In 2012, 65% of Caterpillar Logistics was sold to private equity powerhouse Platinum Equity, who rebranded the carve-out as Neovia Logistics. Steve was responsible for managing this carve-out, and after retiring from Caterpillar, Steve was asked by Platinum Equity to assume an Interim CEO role at Neovia, which he did from 2015-2016.
We were lucky enough to catch-up with Steve to discuss his carve-out experience.
Will you share some key carve-out success factors? What recommendations/tips might you share with executives responsible for a private equity carve-out?
There are several factors to consider to ensure success in a carve-out.
First, the executive office or board needs to select a highly qualified leader to manage the carve-out. If this is you, plan on delegating some of your day-to-day responsibilities to ensure that you can allocate the necessary effort to this complex endeavour. It needs to be your top priority if it is going to be done successfully.

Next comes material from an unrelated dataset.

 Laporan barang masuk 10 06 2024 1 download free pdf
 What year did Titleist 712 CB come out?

Second, you need skilled project management resources at your disposal to support the effort. There are thousands of action items in a carve-out effort, and project management is essential to ensure issues are addressed on-time and in the correct sequence. Accountable individuals from each functional area also need to be identified, and there must be absolute clarity relative to roles and responsibilities.
Third, a detailed inventory of all services provided by various corporate functions should be completed. The accounting, tax, treasury, IT, legal and HR areas are all functions that provide significant levels of service to individual business units. Many of these services are taken for granted and the level of resources required to replicate these functions can be grossly underestimated. Particular attention needs to be paid to IT systems and processes to make sure you don’t miss anything that could impact your customers. The legal entity structures that enable the business to operate in different countries (if that is the case) also need careful consideration. Often the legal entity structure will stay with the company divesting the business, and therefore that legal entity structure would have to be replicated for the carve-out to truly stand on its own.

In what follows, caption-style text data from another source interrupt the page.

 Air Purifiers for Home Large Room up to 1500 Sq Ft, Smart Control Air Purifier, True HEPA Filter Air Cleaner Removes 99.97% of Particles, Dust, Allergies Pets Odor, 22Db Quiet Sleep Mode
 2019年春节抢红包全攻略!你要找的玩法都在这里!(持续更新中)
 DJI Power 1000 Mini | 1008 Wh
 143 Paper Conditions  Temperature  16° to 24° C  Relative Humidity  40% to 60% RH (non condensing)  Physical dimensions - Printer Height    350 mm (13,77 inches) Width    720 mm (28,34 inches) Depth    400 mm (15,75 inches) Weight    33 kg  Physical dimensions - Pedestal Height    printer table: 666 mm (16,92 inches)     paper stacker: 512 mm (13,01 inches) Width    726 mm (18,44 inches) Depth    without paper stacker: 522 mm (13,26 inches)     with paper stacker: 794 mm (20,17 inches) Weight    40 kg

Fourth, unless the divesting company has internal resources experienced in carve-outs, it is important to consider engaging an outside firm that has a successful track record in this area. The complexity of the task is sometimes not appreciated, and it certainly makes sense to engage a professional services firm if you don’t have experience within your own organization.
Fifth, and probably most importantly, there must be a robust communication and change management plan in place. Employees, customers and suppliers must be continuously communicated to with a high level of transparency and consistency.

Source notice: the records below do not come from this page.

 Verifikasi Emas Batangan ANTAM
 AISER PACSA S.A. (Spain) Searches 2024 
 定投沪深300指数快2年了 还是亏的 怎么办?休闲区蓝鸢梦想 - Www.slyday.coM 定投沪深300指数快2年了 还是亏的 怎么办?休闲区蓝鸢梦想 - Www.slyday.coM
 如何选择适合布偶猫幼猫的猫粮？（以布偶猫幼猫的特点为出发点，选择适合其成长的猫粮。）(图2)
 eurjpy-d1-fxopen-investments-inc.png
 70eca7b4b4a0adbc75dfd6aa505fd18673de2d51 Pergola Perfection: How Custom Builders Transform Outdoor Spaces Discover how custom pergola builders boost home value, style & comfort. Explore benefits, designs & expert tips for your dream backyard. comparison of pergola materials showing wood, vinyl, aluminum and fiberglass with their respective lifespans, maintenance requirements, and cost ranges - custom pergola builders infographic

What are some likely cultural challenges one will encounter during a carve-out?
One significant cultural challenge is that the employees who are part of the carve-out often would prefer to stay with the business that is actually doing the divesting. It is critical to manage this resistance through robust communication. Being open, honest, and transparent - while repeating key messages with consistency and regularity, especially during those early weeks and months - is vital. It is important to give employees a forum to ask their questions and get answers, whether that be a town hall or all employee meeting.
Another challenge is ensuring successful integration of employees into the carve-out. For this to happen the acquiring side needs to have a robust integration plan in place and the transition period needs to be well managed. Employees of the acquired business need to successfully adapt to the new environment.
What are the most important carve-out risks and mitigations?
It is important to keep critical employees on board and engaged throughout the carve-out. This reinforces the criticality of the change management process and communication plan. A significant loss of key employees would reduce the value of the business.
Negative customer and supplier perceptions introduce further risks. The unknowns and concerns associated with the change need to be mitigated through the communication plan, which will be unique for customers and suppliers as their questions and concerns will be different.
Additionally, it must be understood that some of the services provided by the divesting company are likely going to need to continue after the deal is consummated. Depending on the timeline of the deal, it may not be possible to truly stand 100% alone by the required date. Transitional service agreements with the divesting business are often required to ensure the divested business can function properly. These agreements need to be negotiated well in advance of the actual handover of the business.
Lastly, is easy to vastly underestimate the amount of effort and resources required for a successful carve-out. Engaging an expert, who has been through it before, and understands the complexity of a carve-out should be strongly considered.